I don’t think there’s anyone in Canada who doesn’t know about the story of the family in Calgary who are suffering a tragic loss. So senseless and so deep. I can not express my deepest empathy into words for them.
20 years ago today my very close friend and her twin sons were murdered by their husband and father. The very man who vowed to protect them.
Every time I see the news and the faces of those grandparents and grandson I keep thinking, I know what that’s like for their family. I know how it feels to hold a photo in your hand of people you love and see their faces on tv. I know what it’s like to not be able to call anymore. To never hear their voices again. To watch every second of the news because that’s how you know what’s going on with the case. You don’t get privy to special information, you watch and wait like everyone else.
I also know what it’s like to live without them. To feel the emptiness when they are not there to celebrate major life events with you. To support each other in hard times and love you through your challenges, because it’s what she always did. To not know what the boys would grow to become.
I know that it’s been 20 years, 2 decades, and I haven’t forgotten a thing. Not anything I saw, not anything I felt and not anything that was said. The pain doesn’t end. It changes but it never ends with something so horrific.
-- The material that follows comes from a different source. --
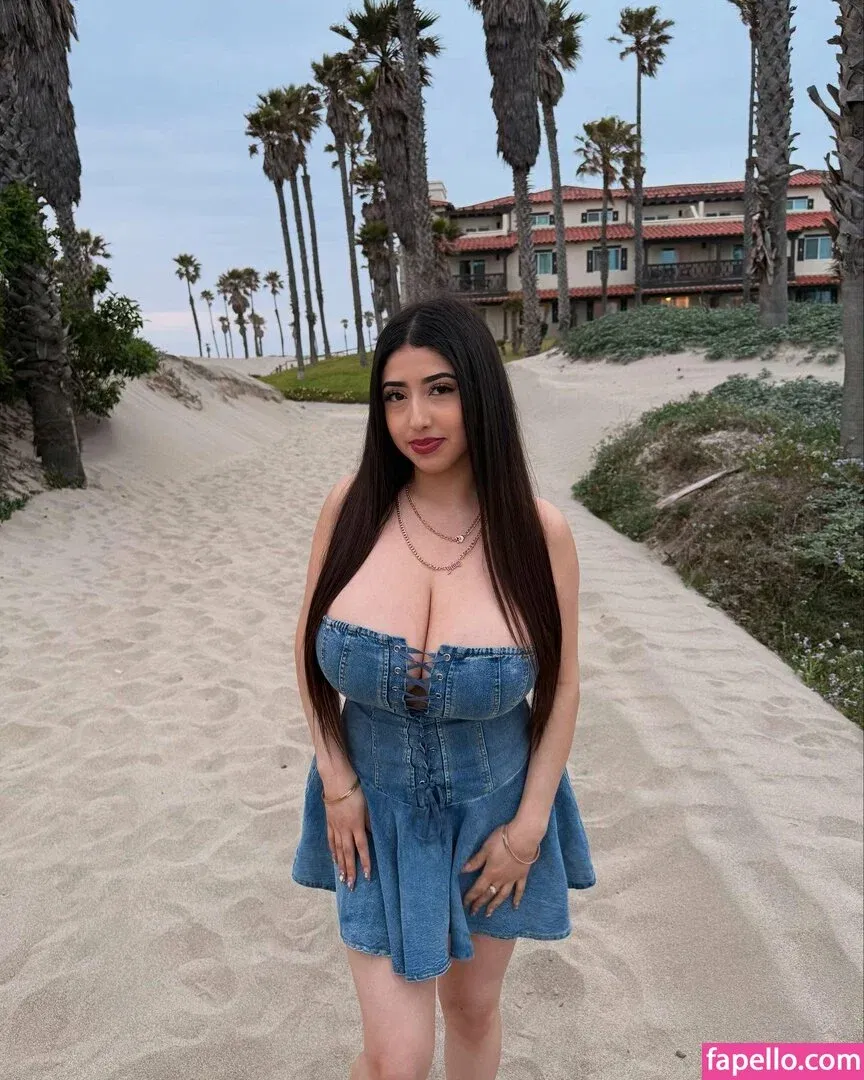 ashleyarambulaa Onlyfans Photo Gallery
That’s just reality.
She left me with the best gift she ever could. I was being my usual challenging teenager self and we were disagreeing on something but she called me. She called me and said she just couldn’t leave it. She wanted me to know we would work it through and the very last words she ever spoke to me were “I love you”.
I will never forget. I have many photos, I still have her jeans and her perfume. I will always have them in my heart. One day I will get to heaven and they are waiting. That day the pain will end, not a moment sooner.
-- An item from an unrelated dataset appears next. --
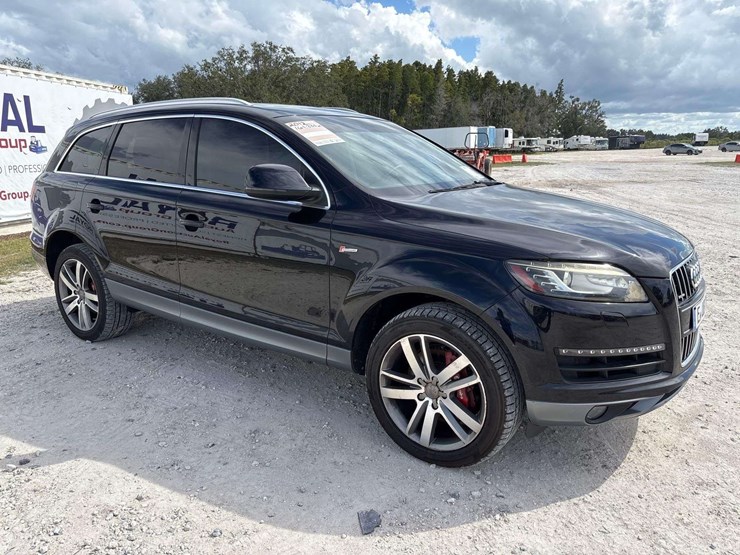 2012-audi-q7-premium-plus-awd-suv-image-2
I know your kickin it with Jesus; Susan, Josiah and David. I miss you.
I have lost many people in my life in many different ways. The pain from some of those losses has lessened over time, for others the pain can be fresh and real at any moment. I think this has given me the ability to relate to others who are in pain and understand things they might be going through.
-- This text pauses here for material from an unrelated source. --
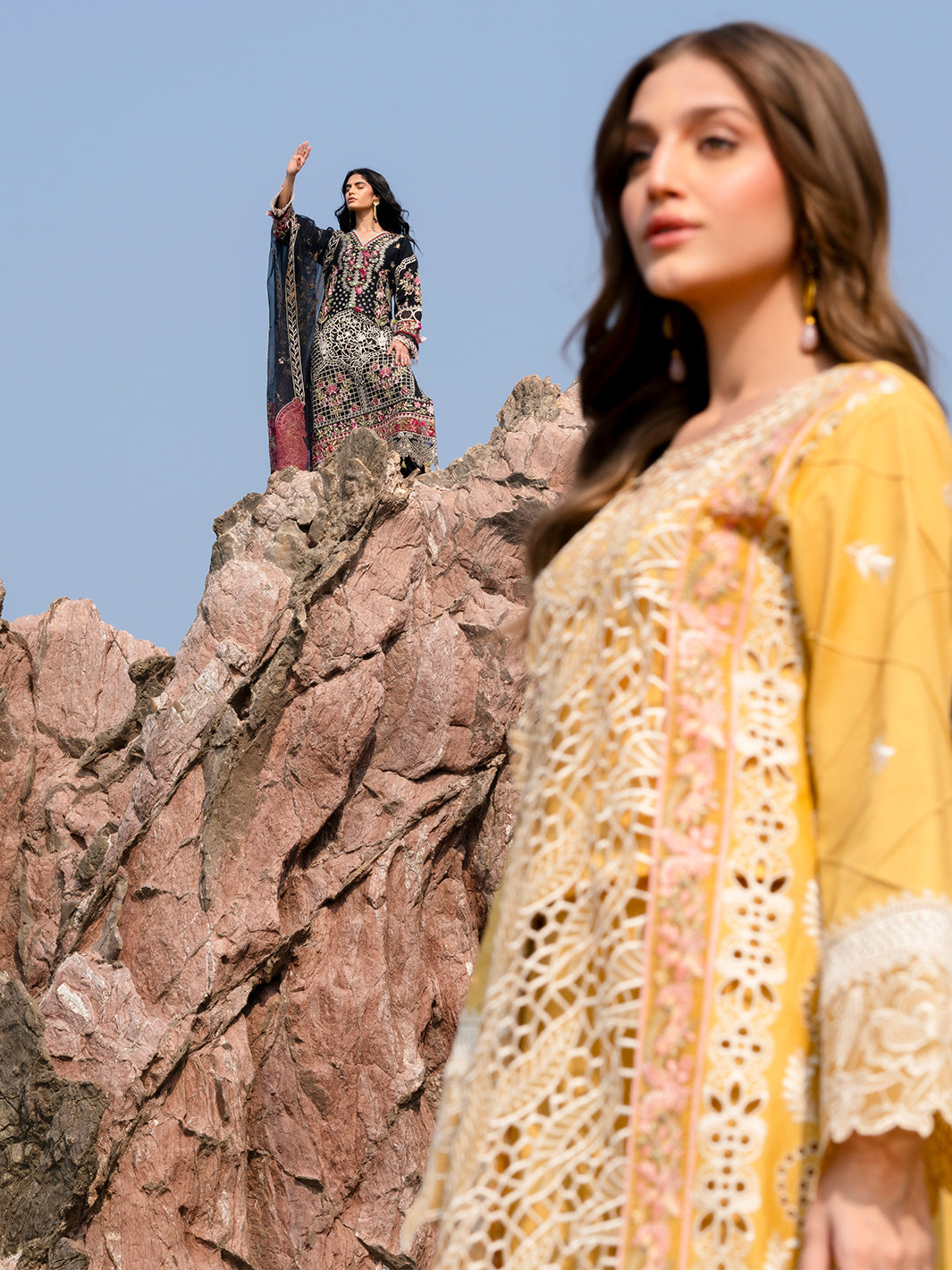 Mahnur | Sirena Luxury Lawn 25 | Dahlia - by - Libasekhas UK - Registered Vendor of : Mahnur - 100% Original Designer Dresss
Initially you need to give yourself time to grieve. That may look different for everyone. Whatever your way to grieve is, is what you need to do. How are you going to get out those overwhelming initial waves of pain? Do you need to cry, scream, build something or go for a walk? Do you need to be with people or be alone? Whatever it is make sure you take the time to self care and not just stuff everything inside. There will be times when you need to hold it together to accomplish some of life’s demands, but there has to be some time for a release of emotions.
Once you get through the initial torrent of grief, comes the time of returning back to routine and what life will now be like with the absence of the person lost. This is where I think some people get lost. This process is especially a problem if the loss is significant – how do you “get back to life” when there is a gaping hole?
As I mentioned before there are some losses that I will carry with me. There are times in life when I think, “she should be here,” “they would be X years old now,” or “she would be so proud.” There is something, someone missing. There is pain you carry.
I was recently reading about a mom who lost her son and she realized that others were going through the same thing she was and decided to reach out. Her son died in a Marine Corp helicopter crash and she sends packets of letters and helpful materials to families also affected by such a loss. Philip Yancey says, “The activity has not solved the grief for her son, of course, but it has given her a sense of meaning, and she no longer feels helpless against that grief.”
I think that is the key – finding a way to find meaning and no longer feel helpless against the grief. I am convinced I will carry this pain with me until I reach heaven and so I have to find a way to not have that loss overwhelm or dictate the rest of my life. We will never find meaning if we only focus on ourselves. Look at the needs of those around you. Is there a soup kitchen nearby that could use a volunteer? Are there other families you could host a group for? There are so many different ways to get involved that the importance is to do just that – get involved. You are not helpless – your life doesn’t have to end just because theirs did. You still have life – live it, and live it with meaning.